We looked at several aspects of their care including current choice and length of biologic treatment, evidence of remission, occurrence of adverse reactions, monitoring parameters and outpatient follow up arrangements.

Our telephonic patient questionnaire focused on whether families felt they were given sufficient information about treatment, the impact of receiving treatment locally and overall satisfaction with the service.

Results Of our 12 patients with IBD, 2 were diagnosed with Ulcerative Colitis and 10 with Crohn’s disease. All are children of school age with an age range from 7 to 17.5 years.

9 children are eligible for local treatment, 7 of them receive Adalimumab injections and 2 children are treated with Infliximab infusions. The 3 children treated with Vedolizumab or Ustekinumab have previously received at least one other biologic locally. Treatment duration ranges from 2- 49 months on their current biologic, with a mean duration of 16.5 months.

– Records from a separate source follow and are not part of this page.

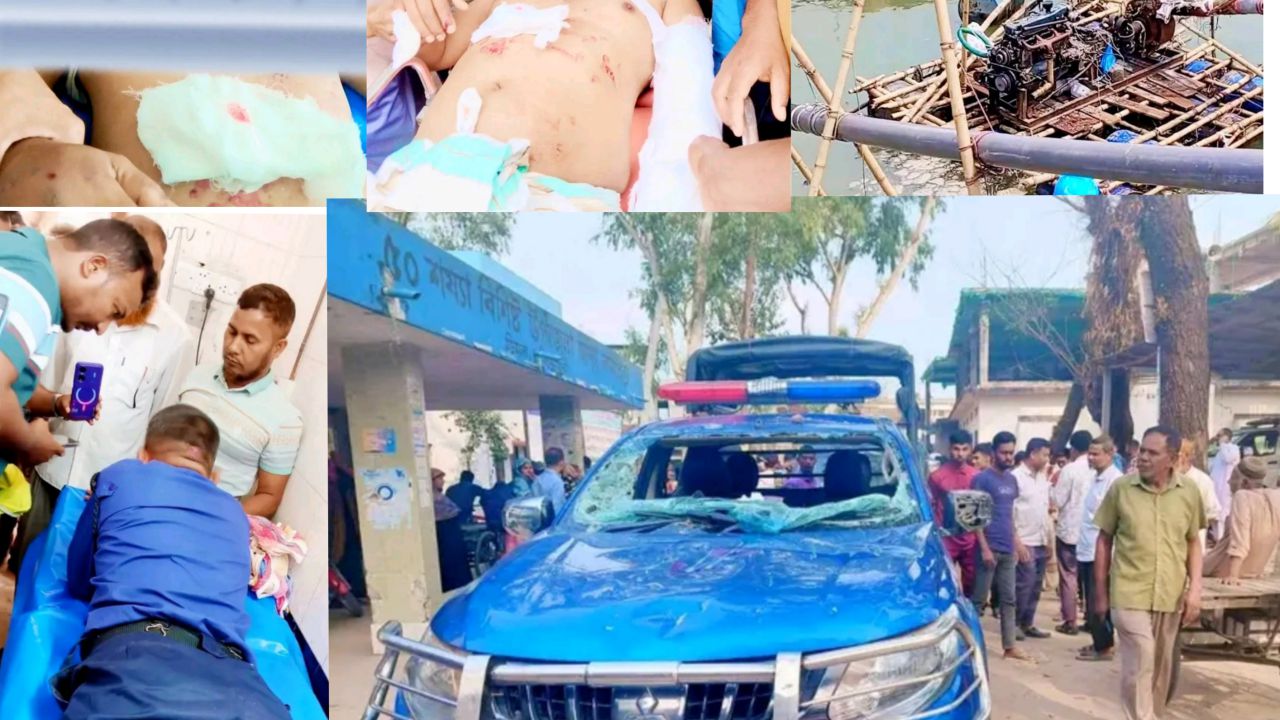 তিস্তায় অবৈধ পাথর উত্তোলন ঠেকাতে আহত ২০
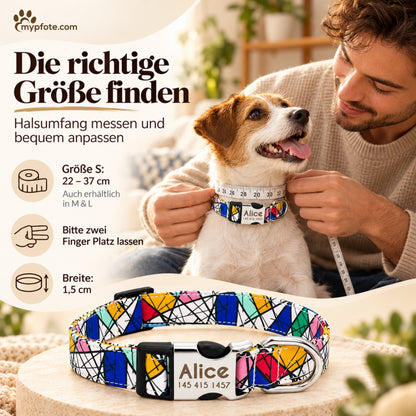 Hundhalsband "Miro" graverat med namn och telefon, nylon, Art Style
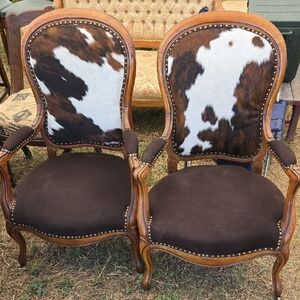 Cowhide Accent Chairs with Wooden Frame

6 children started their treatment at MKUH, 3 at Oxford but continued at MKUH. The remaining 3 started at Oxford to continue locally but went back to Oxford due to treatment failure. Initial biologic therapy had to be switched in 6 children due to suboptimal response. All families reported their child as now clinically well. Only 5 children achieved Calprotectin levels below 200µg/g. The mean CRP was 1.4. Monitoring is done regularly with quarterly reviews at the joint IBD clinic.

All families feel they were given adequate information about treatment and accessible contact points for queries. Formal training was given to all families administering Adalimumab at home by local community nursing team. Easy access to all health care professionals involved in the service was especially praised and appreciated. Parents feel the service is patient centred and individualised. There were no serious adverse events. Families described that local access meant less disruption to their child’s lifestyle and education.

Summary and conclusion Treatment with biologics at secondary care hospital is safe, effective and contributes significantly to patient satisfaction.

Families feel well supported and appreciate the personalised care and accessibility of the service.